Although, at the moment, I don’t see any pumpkin-carving implements in your hand. I wish I could say the same about myself. The dull throbbing in the forearm, near the elbow. The gnarled and clawed right hand akin to Dracula’s when casting a hypnotic spell. Telltale signs of Jack-o-Lantern-itus, a malady with which I alone, apparently, must contend.  

Because my child is lazy.  And so is yours.

In advance of my annual Haunted Halloween Backyard Party, I mean, my son Everett’s annual Haunted Halloween Backyard Party, I capitalized on a too-good-to-be-true pumpkin sale at my neighborhood Safeway.  First there was the sorting out of the math with the cashier (you can’t really carry 10 pumpkins into the checkout aisle; just one and ring up its sticker 10 times). Then I moved on to the dripping of sweat in the parking lot, marking the path from the enormous cardboard bin to my Prius’ cargo bay.  Fortunately, no one recognized me during this portion of my arduous endeavor.  What with all the sweating, the grunting, the duck-walking, and some grumbled curse words–all while shuffling in front of a steady stream of motor vehicles–I probably will need to patronize a different Safeway for awhile.

But I got my pumpkins, didn’t I. 

I then repeated the sweaty grunting duck walk from my garage to the backyard.  Placed the oversized gourds on sturdy benches, surrounded by a motley (but sharp) collection of cutting and poking and sawing tools that were specifically designed in China for this very purpose: Carving pumpkins for Halloween. I allowed myself a momentary proud smile after all 10 pumpkins were set out on display. Then I shuffled into the bathroom to eat a half-dozen Advils–no easy task getting that childproof lock untwisted with hands spent from schlepping a couple hundred pounds of pumpkins around the neighborhood.  

But this is a small price to pay.  Because I knew that in a few short hours, I would be basking in the adulation of all the grateful 12 and 13 year-olds gleefully partaking in an age-old Halloween tradition.  The boys would likely hoist me on their shoulders, parade around the neighborhood half-singing half-chanting some catchy little ditty from Fortnite but with words about me and my pumpkins.  Magic.  

But there was no magic. No basking in adulation.  No gleeful partaking.  No hoisting or parading or little ditty or words about me or about pumpkins. In the space of just one year, somehow the boys had effectively aged out of all of this.
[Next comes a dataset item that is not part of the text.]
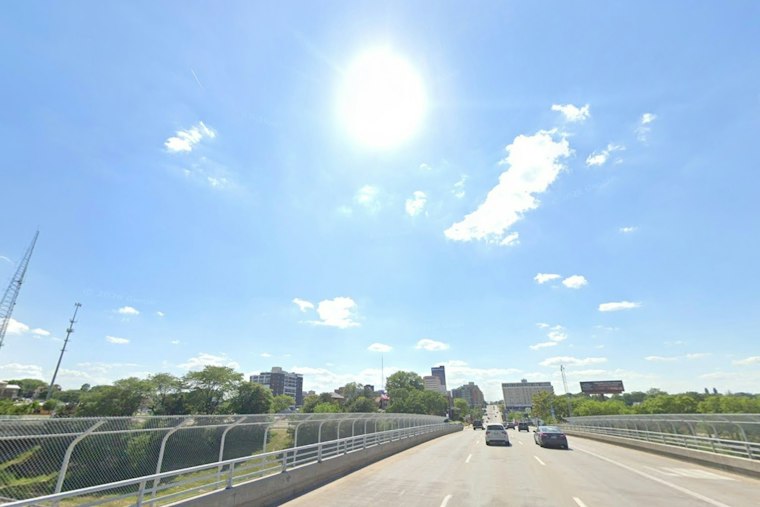 Omaha Basks in Sunny 70s as Warmer Week Rolls In Amid Flood Warnings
My wife wisely advised that I stay the hell away from the backyard.  Other than grabbing a piece of pizza or two and being called upon to plug back in whatever plug the dog had tripped whilst being hazed by the boys mid-movie, I took her advice.

Because it was terrifying down there. 

They blistered the air with swear words, trying (successfully) to impress each other with their robust vocabularies, gleaned from hours upon hours of watching older video gamers play video games on Twitch, I guess. Or maybe on Youtube, I don’t know.  I thought I had blocked anything like that on my kid’s phone so that he could never be exposed to these words. Every content-restricting toggle is toggled. I am happy to explain to him years down the road, when he comes home during his Spring Break from college, the meaning of words like “shit” and “ass.” Sure, he’ll be little behind the curve.  But I am a perfect parent; I can’t have my son’s mind polluted with that stuff at this tender age.   

I must have missed a toggle somewhere, because Everett (the titular host of this Haunted Halloween Backyard Party) strung together a string of profanities for his buddies unlike anything I’ve ever heard.  Standing in the dark near the pizza boxes, I froze. Then, I did what any right-thinking parent would do in this type of situation:  I grabbed another piece of pizza–without making a sound–and snuck back upstairs–also without making a sound. I did not want to be discovered, interloping in the dark, and find myself the subject of the next string of profanities. 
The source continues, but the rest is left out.